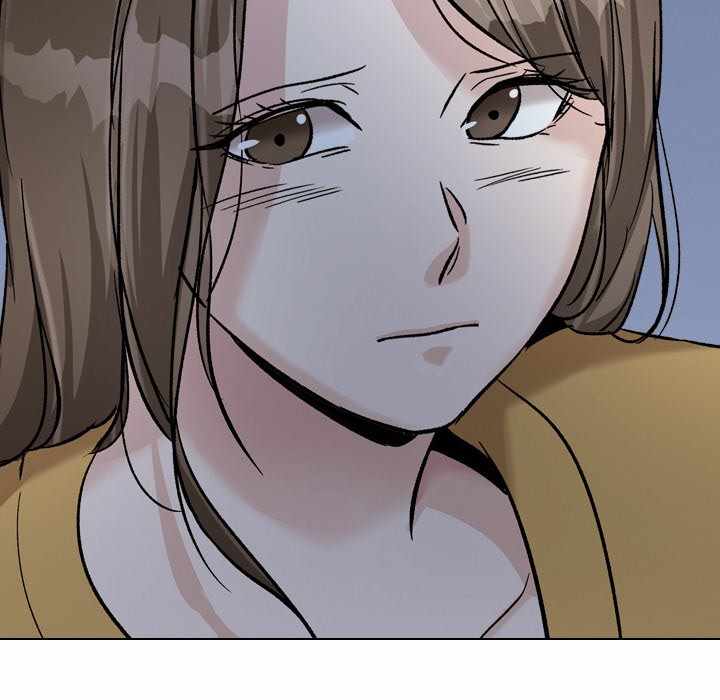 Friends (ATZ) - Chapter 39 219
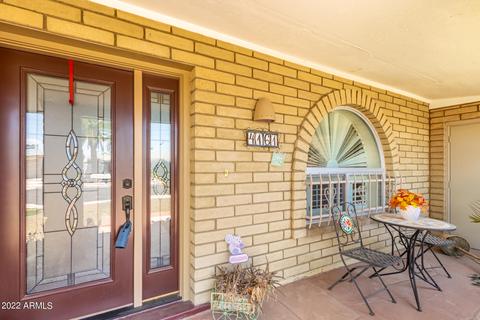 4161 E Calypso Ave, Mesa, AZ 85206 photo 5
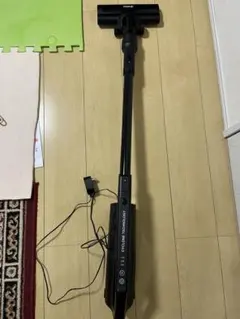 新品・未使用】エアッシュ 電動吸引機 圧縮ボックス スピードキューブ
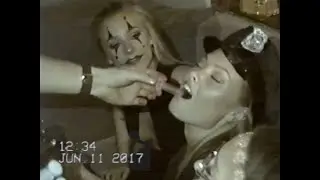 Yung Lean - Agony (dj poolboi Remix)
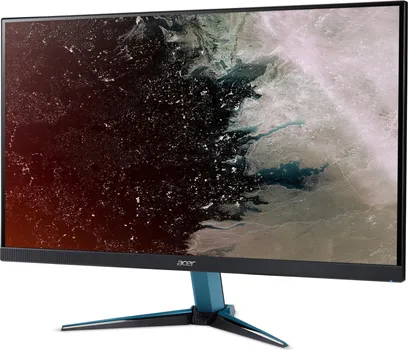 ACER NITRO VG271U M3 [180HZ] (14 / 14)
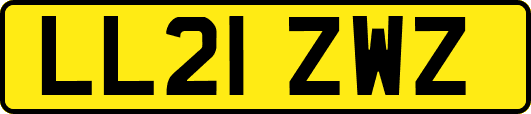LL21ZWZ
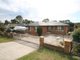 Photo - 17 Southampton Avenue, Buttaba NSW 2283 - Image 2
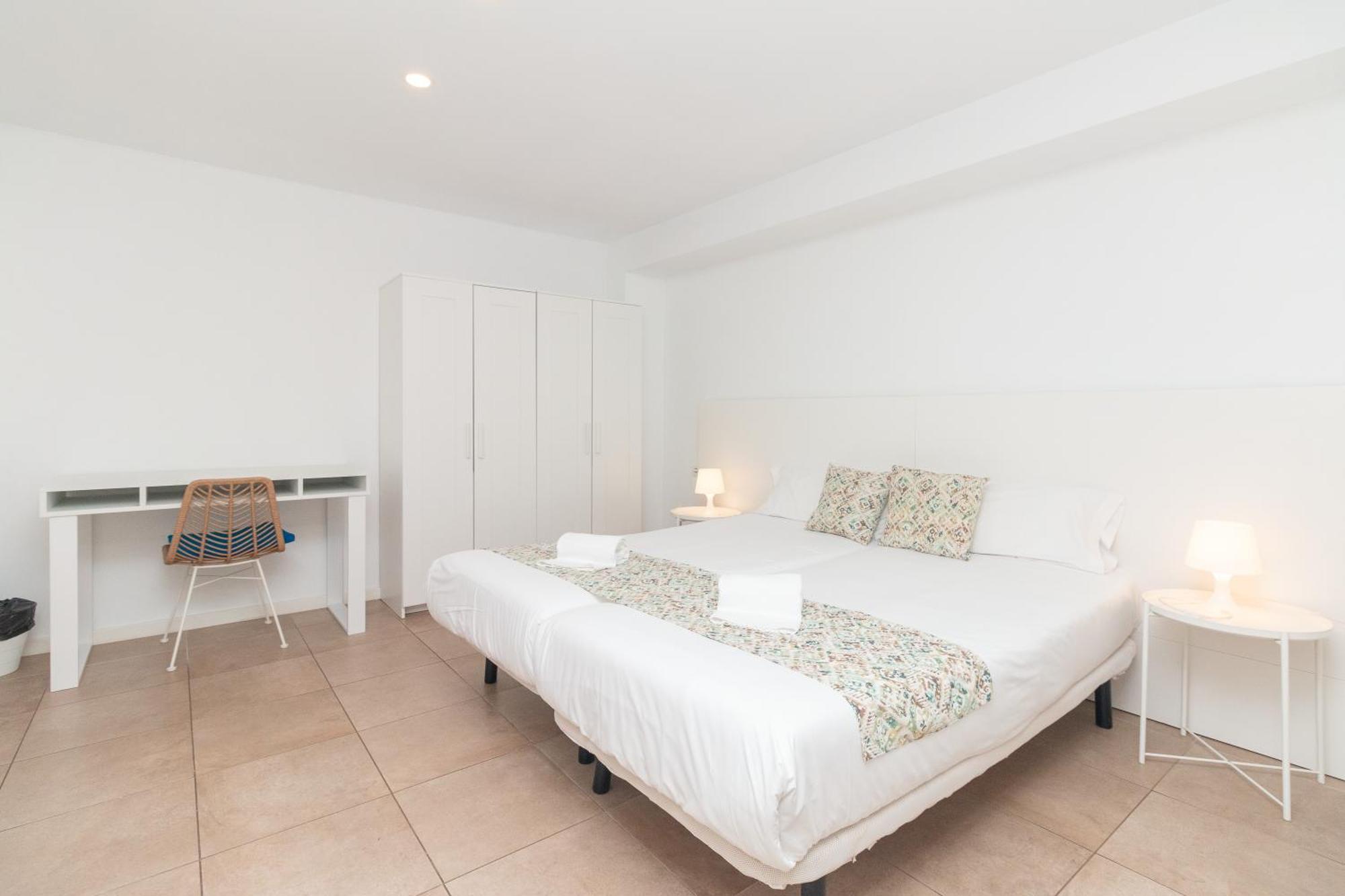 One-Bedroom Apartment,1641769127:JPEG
...
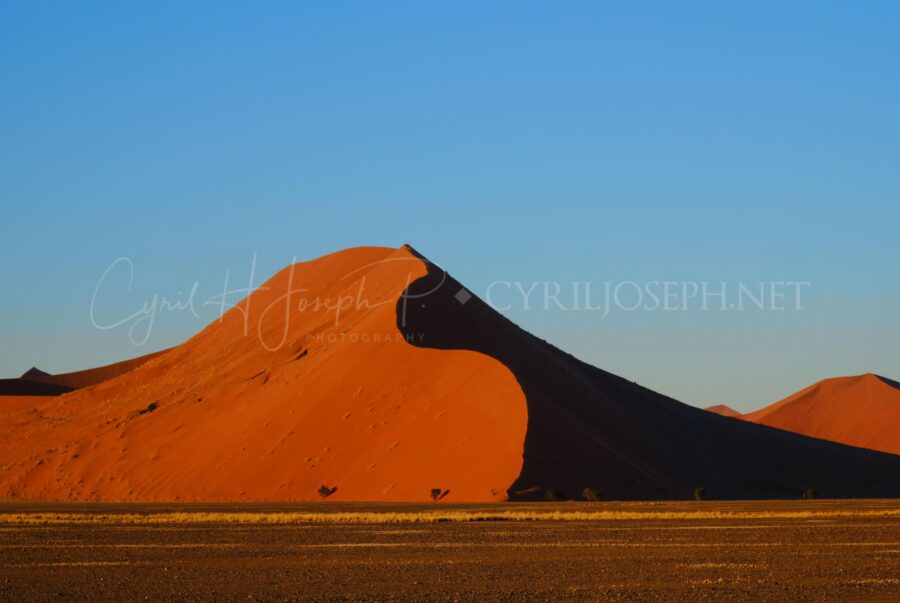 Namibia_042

- [WHAT IS NEEDED]:
Starting at the line above that has "Friends (ATZ) - Chapter 39 219" and ending at the line that has "One-Bedroom Apartment,1641769127:JPEG", copy each line exactly, leaving the pictures out and adding nothing.

- [TASK SOLUTION]:
 Friends (ATZ) - Chapter 39 219
 4161 E Calypso Ave, Mesa, AZ 85206 photo 5
 新品・未使用】エアッシュ 電動吸引機 圧縮ボックス スピードキューブ
 Yung Lean - Agony (dj poolboi Remix)
 ACER NITRO VG271U M3 [180HZ] (14 / 14)
LL21ZWZ
 Photo - 17 Southampton Avenue, Buttaba NSW 2283 - Image 2
 One-Bedroom Apartment,1641769127:JPEG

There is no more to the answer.